About governmentality and Allen McDuffee

governmentality is a blog, podcast and newsletter about power, politics and ideas by journalist Allen McDuffee.

Most recently, Allen wrote for The Atlantic. Previously, he covered national security for Wired, where he wrote about the Pentagon, military affairs and the defense industry. From 2011 to 2013 he covered policy, politics, ideas and think tanks for The Washington Post, where he broke the story about the Koch brothers suing for control of the Cato Institute, reported on the 2012 elections and covered Google’s international gathering of 80 former violent extremists in Dublin, Ireland.

Allen has also written for The New Republic, The Nation, The American Prospect, Huffington Post and the New York Observer, among others. He has been awarded funding from The Nation’s Investigative Journalism Fund and has twice been a fellow at the Knight Center for Specialized Journalism.

Allen’s work is often covered by media outlets such as The New York Times, msnbc, Politico and Slate. He is a regular radio show guest, including WNYC’s The Takeaway and NPR’s All Things Considered.

For more than seven years, Allen worked at Washington, DC think tanks and private political consulting firms. He has also spent time in Egypt, Jordan, Israel and Palestine for work and for pleasure.

He lives in New York and Washington, DC.

Why governmentality? 

As clever a name as governmentality is, it’s borrowed. The innovative concept about power originated with the French historian-theorist, Michel Foucault.

For the sake of brevity, think about governmentality as a kind of “governmental rationality” — the idea that there is an internal logic to the ways that governments and other institutions of power organize people in such a way that maximizes the efficiency of governing.
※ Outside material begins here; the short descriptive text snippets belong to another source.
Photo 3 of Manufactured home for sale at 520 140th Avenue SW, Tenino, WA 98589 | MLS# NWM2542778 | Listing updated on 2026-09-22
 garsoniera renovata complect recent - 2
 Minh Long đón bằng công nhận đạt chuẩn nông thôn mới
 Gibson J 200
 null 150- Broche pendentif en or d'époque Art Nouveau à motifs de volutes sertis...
This is a stealthy capability that makes power not just hierarchical or taking the form of brute force, but also the ways in which power controls narratives, categorizes peoples, and normalizes the illogical.

governmentality is still a blog about politics as we know it (elections, policies, lobbying, speeches, corruption, scandals, etc.), but also economics, global affairs, business and culture — all with an eye toward the context of the many forms that power takes.